I would go with a CC setup if you dont feel like dealing withe PCV issues ever again. 

It gets cold here in the winter too, I've never had in issue with freezing lines or any explosions. Mine is the Eurojet ammo can setup (discontinued long ago). Only thing I don't like about it is that the drain is too small, so the slightest amount of sludge plugs it up. Right now I just have a hose running from the drain down towards the ground with the drain open. I plan on drilling and tapping a larger hole with a bigger fitting to allow the junk to flow out more easily.

First though, I'd fix your intake. You're talking about the pipe that goes to your air filter? Can't see how it would cause your particular issues, but that should really be fixed.


----------



## AngryGiraffe (Sep 21, 2014)

BeeAlk said:


> I would go with a CC setup if you dont feel like dealing withe PCV issues ever again.
> 
> It gets cold here in the winter too, I've never had in issue with freezing lines or any explosions. Mine is the Eurojet ammo can setup (discontinued long ago). Only thing I don't like about it is that the drain is too small, so the slightest amount of sludge plugs it up. Right now I just have a hose running from the drain down towards the ground with the drain open. I plan on drilling and tapping a larger hole with a bigger fitting to allow the junk to flow out more easily.
> 
> First though, I'd fix your intake. You're talking about the pipe that goes to your air filter? Can't see how it would cause your particular issues, but that should really be fixed.

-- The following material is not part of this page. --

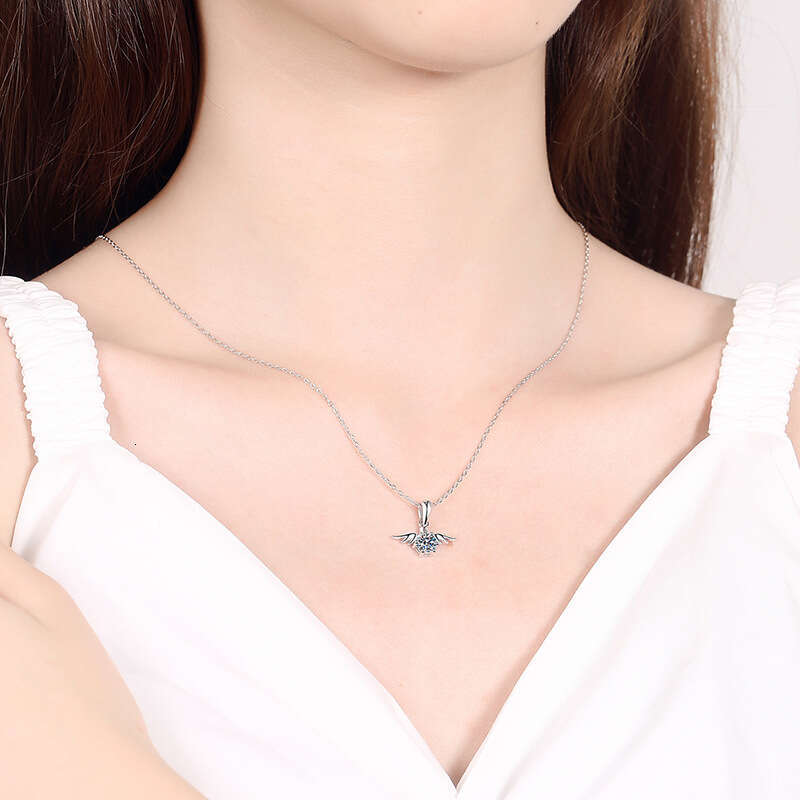 S925 Pure S925ier Plated Pendant Women'S925 Angel WingS925 50 PointS925 MoiS925S925anite Necklace 38f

I can't either, but at this time I don't know what else it could be. It's the second pipe. So it's the one after the air filter and MAF(going to check the MAF tonight as well)I'm doing some other work to the car this weekend while I have it up in the air I plan on checking all of the hoses to and from the turbo and making sure all the bolts on the diverter valve are tight as well. So correct me if I'm wrong but you are basically leaving the catch can open at all times with a hose attached to the drain. I think I've heard it called draining to atmosphere.


----------



## BeeAlk (Jun 3, 2013)

AngryGiraffe said:


> I can't either, but at this time I don't know what else it could be. It's the second pipe. So it's the one after the air filter and MAF(going to check the MAF tonight as well)I'm doing some other work to the car this weekend while I have it up in the air I plan on checking all of the hoses to and from the turbo and making sure all the bolts on the diverter valve are tight as well. So correct me if I'm wrong but you are basically leaving the catch can open at all times with a hose attached to the drain. I think I've heard it called draining to atmosphere.


Mine is a VTA (vent to atmosphere). This is considered bad (immoral) because it sends NOx into the air, instead of back to your motor to get burned up further. The can collects the heavy oil and a lot of the vapor condenses and collects in the can as well, but the pressure and remaining vapor exit through a small filter on top of my can. I wanted to NOT send **** back to my motor at all, so sorry tree huggers. If it makes up for it, I'll use my leaf blower one less time this year. 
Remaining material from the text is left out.